Para o relator, admitir essa retroatividade significaria prestigiar uma atuação abusiva das instâncias inferiores e violar a confiança legítima dos investigados, submetidos por anos a um juízo incompetente.
Veja trecho do voto:
Excesso de prazo e arquivamento
No HC 192.096, Gilmar Mendes tratou do excesso de prazo das investigações.
Destacou que, instaurado em 2015, o inquérito se arrastou por mais de cinco anos sem elementos consistentes para denúncia, com medidas relevantes apenas em 2019.
Amparado no art. 5º, LXXVIII, da CF, incluído pela EC 45/04, o relator reforçou que a garantia da razoável duração do processo também vale para a fase investigativa.
Citando precedentes do STF, concluiu que tanto o inquérito 94/15 quanto o IP 07/20, que se originou a partir dele, apresentaram os mesmos vícios de prolongamento desarrazoado e ausência de justa causa.
Por isso, manteve a decisão de arquivamento em relação a todos os investigados.

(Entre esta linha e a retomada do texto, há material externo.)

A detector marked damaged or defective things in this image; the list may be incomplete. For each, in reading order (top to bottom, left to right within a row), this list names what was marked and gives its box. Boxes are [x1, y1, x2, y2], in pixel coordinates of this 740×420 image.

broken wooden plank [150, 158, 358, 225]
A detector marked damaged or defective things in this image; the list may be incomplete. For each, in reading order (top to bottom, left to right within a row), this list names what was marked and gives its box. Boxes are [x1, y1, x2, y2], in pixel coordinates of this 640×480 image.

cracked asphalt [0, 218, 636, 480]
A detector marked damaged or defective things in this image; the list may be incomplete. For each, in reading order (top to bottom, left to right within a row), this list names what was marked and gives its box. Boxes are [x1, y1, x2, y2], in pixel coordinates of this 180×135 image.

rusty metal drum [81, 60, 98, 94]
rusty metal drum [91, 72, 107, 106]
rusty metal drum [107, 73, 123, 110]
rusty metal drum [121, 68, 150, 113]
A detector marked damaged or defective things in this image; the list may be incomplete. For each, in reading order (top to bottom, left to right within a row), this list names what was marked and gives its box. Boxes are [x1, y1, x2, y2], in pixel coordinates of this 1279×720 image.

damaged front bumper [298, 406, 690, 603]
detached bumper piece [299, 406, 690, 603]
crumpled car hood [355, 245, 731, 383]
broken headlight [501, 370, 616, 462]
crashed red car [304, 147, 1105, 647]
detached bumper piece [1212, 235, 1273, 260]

Gilmar Mendes votou pelo desprovimento dos agravos da PGR, reconhecendo a nulidade das investigações conduzidas pelo juízo de 1º grau e mantendo o arquivamento dos inquéritos.

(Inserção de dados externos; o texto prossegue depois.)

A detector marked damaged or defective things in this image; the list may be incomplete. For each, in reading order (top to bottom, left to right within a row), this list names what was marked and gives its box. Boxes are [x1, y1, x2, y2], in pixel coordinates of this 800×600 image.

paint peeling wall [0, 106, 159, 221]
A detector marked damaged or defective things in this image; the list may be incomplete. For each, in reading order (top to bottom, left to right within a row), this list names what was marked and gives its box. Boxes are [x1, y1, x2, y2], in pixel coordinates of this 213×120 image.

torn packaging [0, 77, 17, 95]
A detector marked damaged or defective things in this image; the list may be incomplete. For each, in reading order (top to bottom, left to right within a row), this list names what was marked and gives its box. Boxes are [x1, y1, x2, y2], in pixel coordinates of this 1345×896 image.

- Processos: Rcl 42.868 e HC 192.096.
STF e a prerrogativa de foro de procuradores
O STF historicamente oscilou sobre a validade de dispositivos estaduais que conferiam foro especial a procuradores.
Em 2004, na ADIn 2.587, a Corte declarou inconstitucional apenas o foro de delegados de polícia, mantendo a prerrogativa para procuradores de Estado. Esse entendimento prevaleceu por anos e foi aplicado a investigações iniciadas sob sua vigência.
A partir de 2017, com a decisão na AP 937, o Supremo restringiu o foro de parlamentares Federais e passou a adotar uma leitura mais restritiva das hipóteses de prerrogativa, vedando ampliações não previstas na CF. Esse movimento influenciou tribunais estaduais a afastar previsões locais de foro especial.
O ponto de inflexão ocorreu em 2020, quando o plenário julgou a ADIn 6.512 e declarou inconstitucional a prerrogativa de foro para procuradores de Estado, defensores públicos e membros da Assembleia Legislativa em Goiás.
A decisão firmou a impossibilidade de extensão da prerrogativa por simetria.
Atualmente, portanto, a jurisprudência do STF é de que procuradores de Estado não têm direito a foro por prerrogativa de função, prevalecendo a competência do 1º grau.
Contudo, permanece a discussão sobre os efeitos retroativos dessa decisão em casos iniciados sob a vigência da norma estadual, como ressaltou o ministro Gilmar Mendes em seu voto.